Rambling about the art of making little magical moments.
This reminds me of Dale Bedford. A technical engineer guy for fiber optics. Who I met drawing caricatures at Six Flags over Texas. He was a grown man with an established career that wanted to loosen up and rediscover his creativity of his childhood. He did okay, drew like an engineer. Kinda tight,stiff drawings. Not a lot of flow or rhythm in his work.
Eventually life separated our pathways we went on our individual ways. Then as life randomness often happens,we met up about ten Years later. I was drawing at a blues festival. I had some time so it visited the arts guild tent. And in this tent was a booth full of these large elaborate Italian baroque. Period catholic paintings of Jesus. Dark emotional masterpieces with drama in every brush stroke of heavenly light coming of the flesh of Jesus. They stopped me dead in my tracks with their beauty. I would never hang one in my house mind you, just not my style, but wonderful works none-the-less.
Then I hear this familiar voice behind me. "Got's pretty good hasn't I?" It was Dale.
These? Are yours? I asked in amazement. And yes, they were his works of original paintings. Here's what happened in the time he left our group of caricaturists back then.
He left our group feeling a lack of confidence when he compared himself to the rest of us. I wish I knew this. I'm sure I'm. Guilty of leading him to that conclusion with knowing I said something lightly that was taken in the wrong context or whatever..
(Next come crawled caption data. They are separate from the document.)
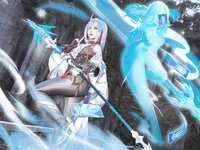 [Cosplay] 宮本桜 申鹤 [22P-283MB]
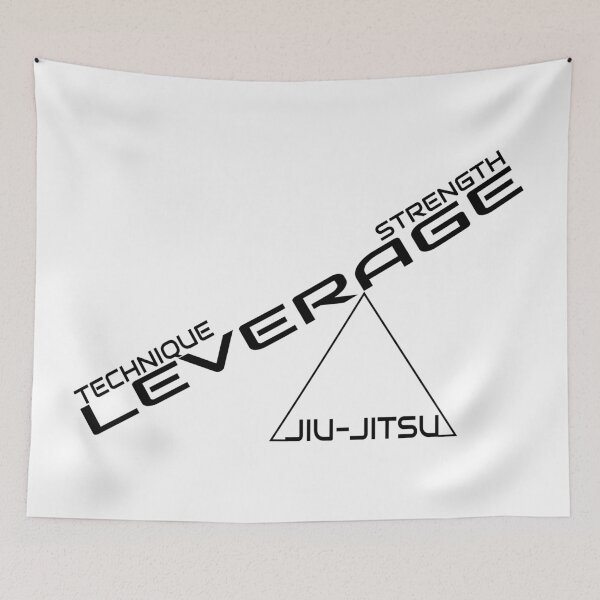 Item preview, Technique Over Strength Minimalist BJJ Quote Black Ink designed and sold by RariTeesShop.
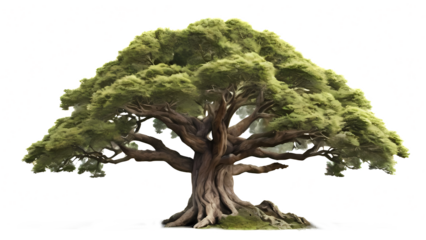 giant old tree isotated on transparent background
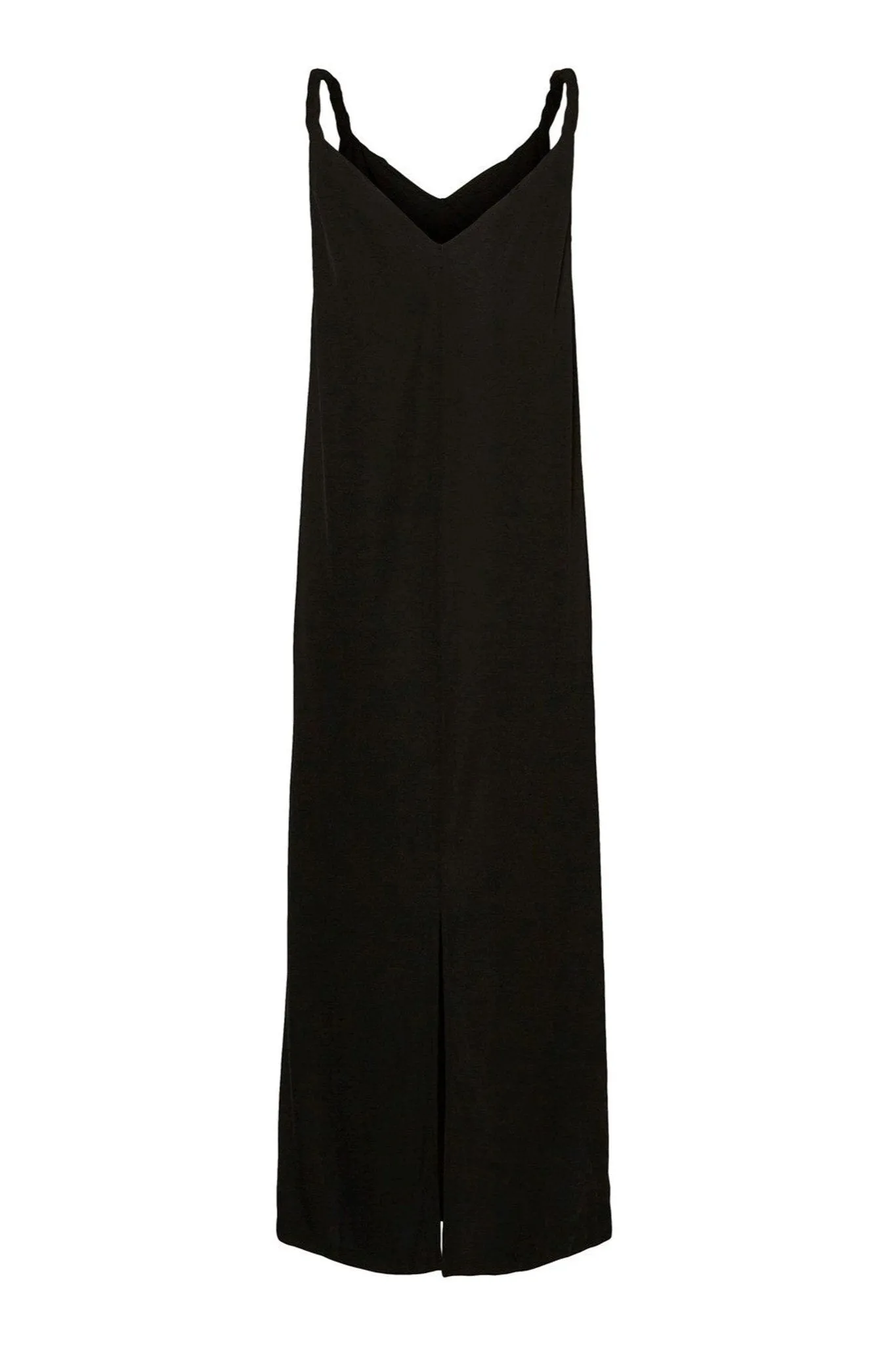 Molly Strap Ankle Dress - Black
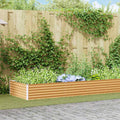 Vidaxl verhoogde plantenbak 582 x 100 x 36 cm gegalvaniseerd staal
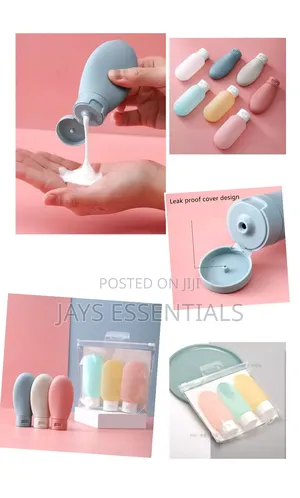 Portable and Convenient 3pcs Travel Cosmetic Bottles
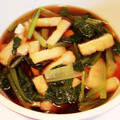★まいちむ★'s cooksnap of when they made 超楽々小松菜と京風油揚げの煮びたしどすえ.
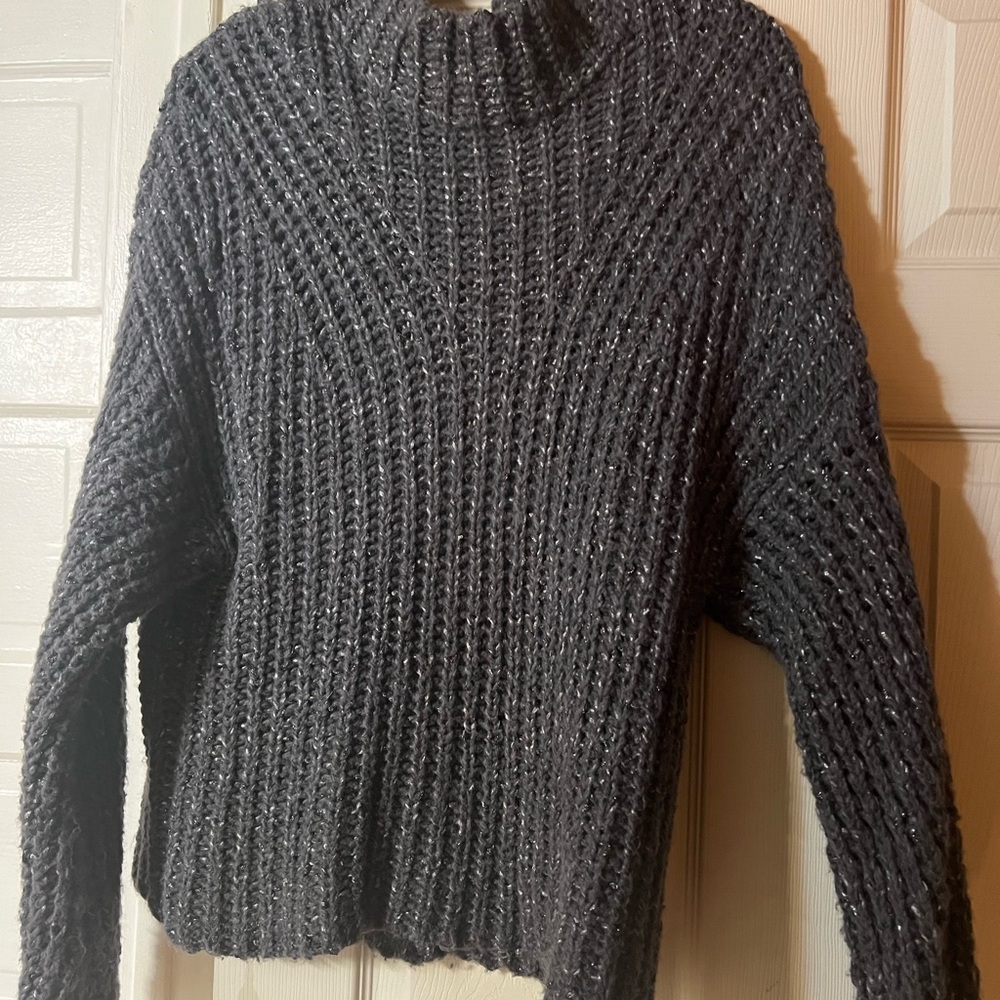 Cozy Black Knit Sweater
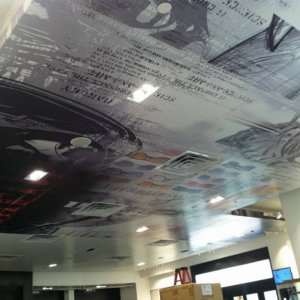 OAKLEY STORE ROOF MURAL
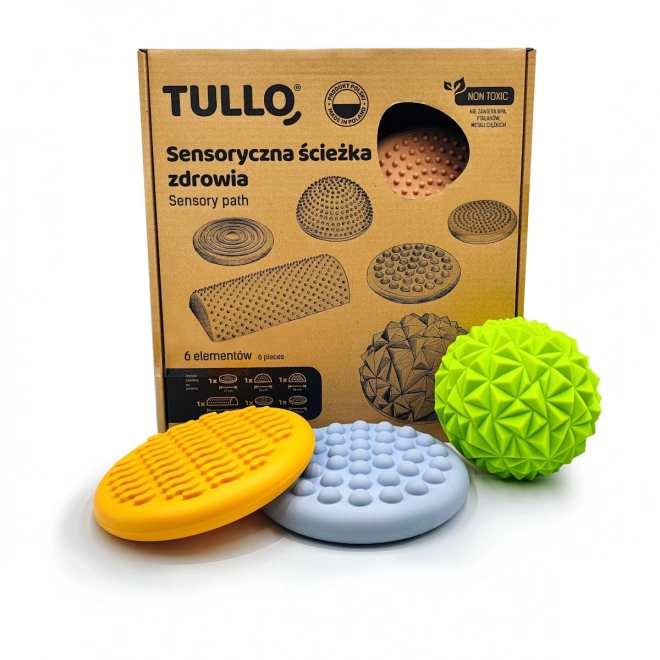 Tullo Pastelna senzorična pot 6 elementov.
So he picked up a new hobby. Ti Kwan Do. He became very good at the martial arts. In fact it was during one of his black belt requirements that he got kicked just above the left eye. Knocked him cold. Concussion the whole shebang. A week after the accident he felts as if he was able to drive to the store. During his trip he blacked out and ran into a tree. In the hospital they ran scans and tests and found that some bone fragments had broken off from his eye socket of his skull and were loose digging around in his brain, causing all sorts of problems. In short, they had to do surgery to remove them or he would face very serious damage.
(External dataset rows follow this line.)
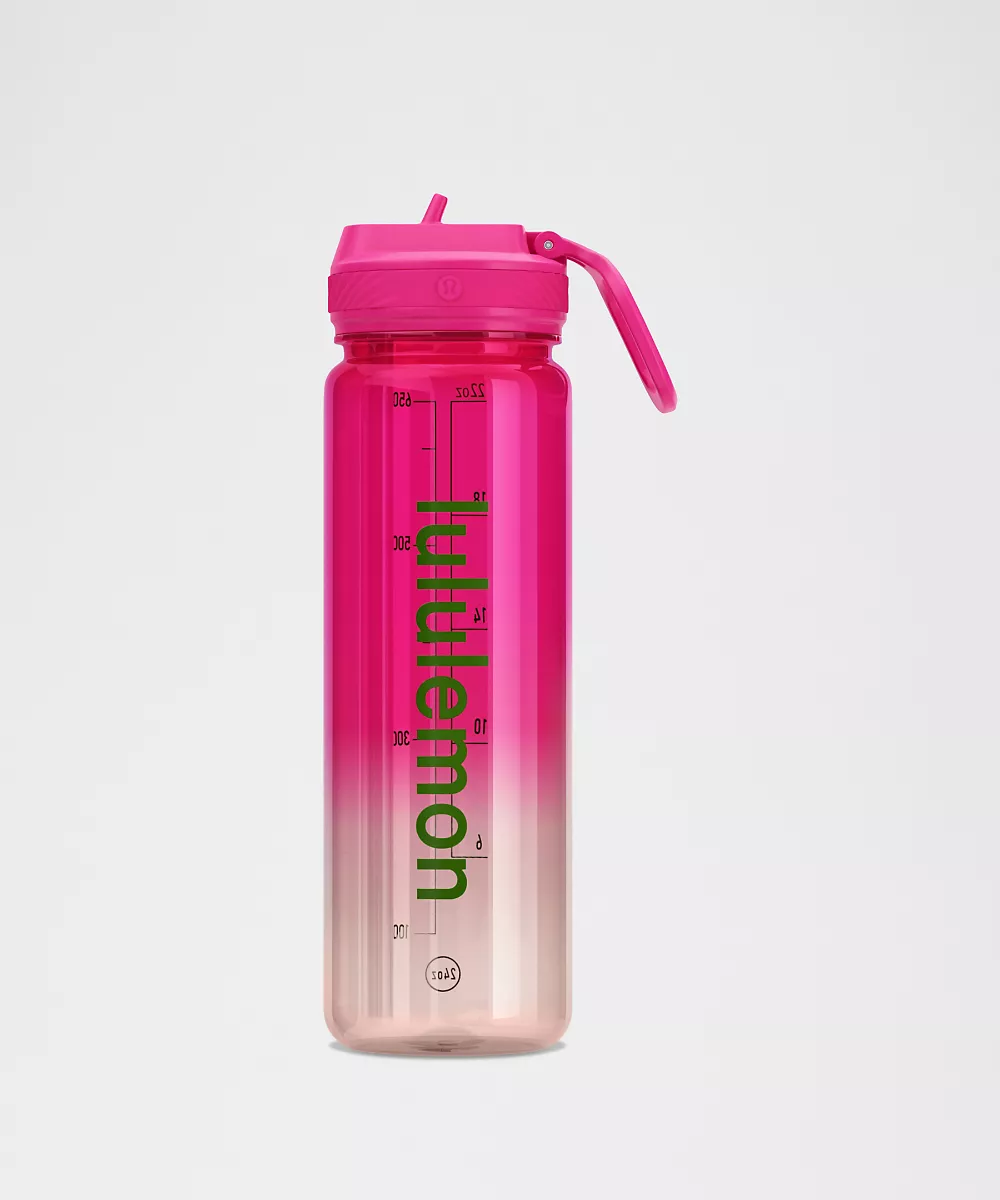 Gourde transparente Back to Life 24oz *Bouchon à paille — Pink Flare/Matcha Magic/Chameleon, view 1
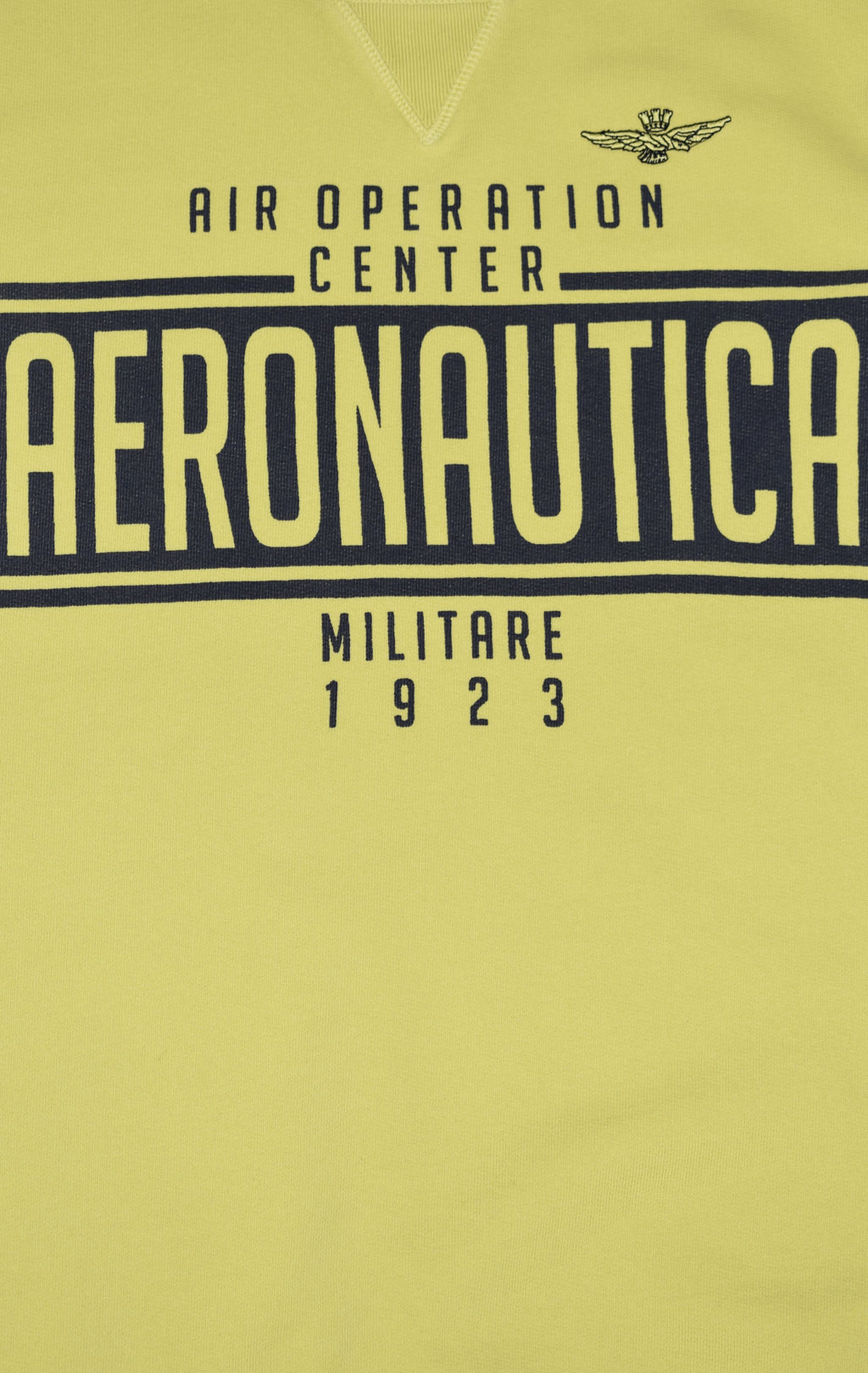 Свитшот AERONAUTICA MILITARE SS 22/IN sunny lime (FE 1658) 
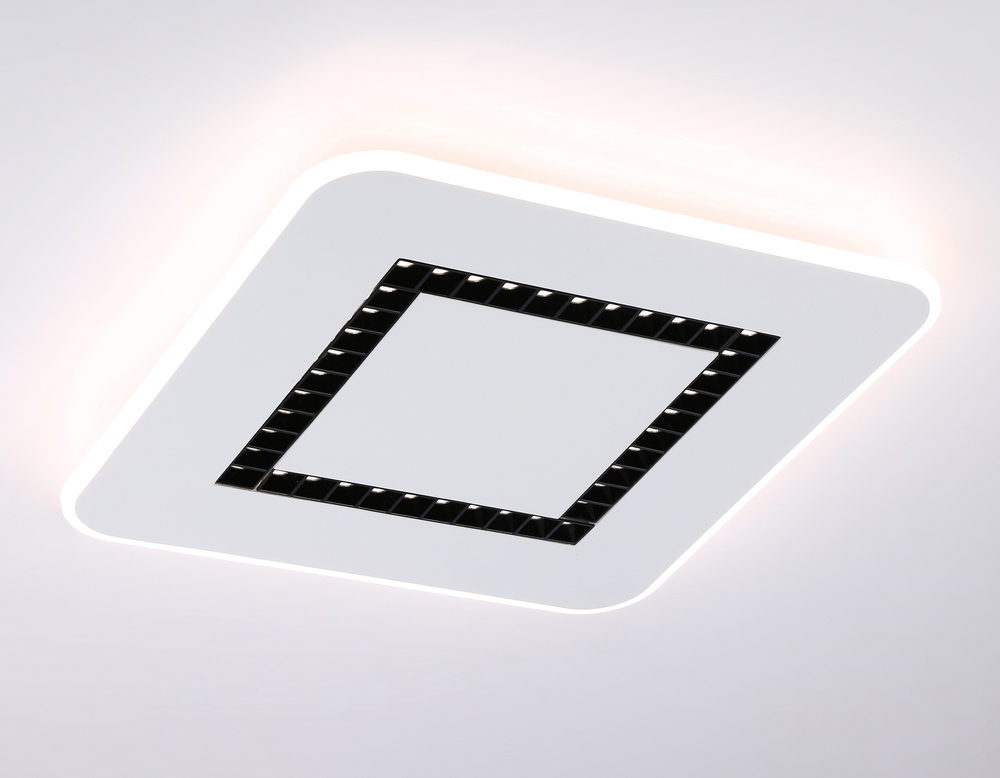 FL51415 WH белый 3000K/4200K/6400K 68W 488*488*40 (ПДУ ИК)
Well the operation and damage caused by the accident left him not knowing how to read or write. A major part of his rehabbing required relearning from about the sixth grade level and up from there. And part of his personal addition to all his newfound school work was learning to draw simple cartoons. From a "How to draw cartoons" children's book. He got pretty good at drawing everything in the book, then he got another "how to" art book, then another. And started accelerating his drawing skills and knowledge as re rehabbed. The he was so confident in his art skills he took an oil painting class at the community college. And the "this just started to happen. I found myself duplicating art history examples from. The Italian baroque period. " Dale explained.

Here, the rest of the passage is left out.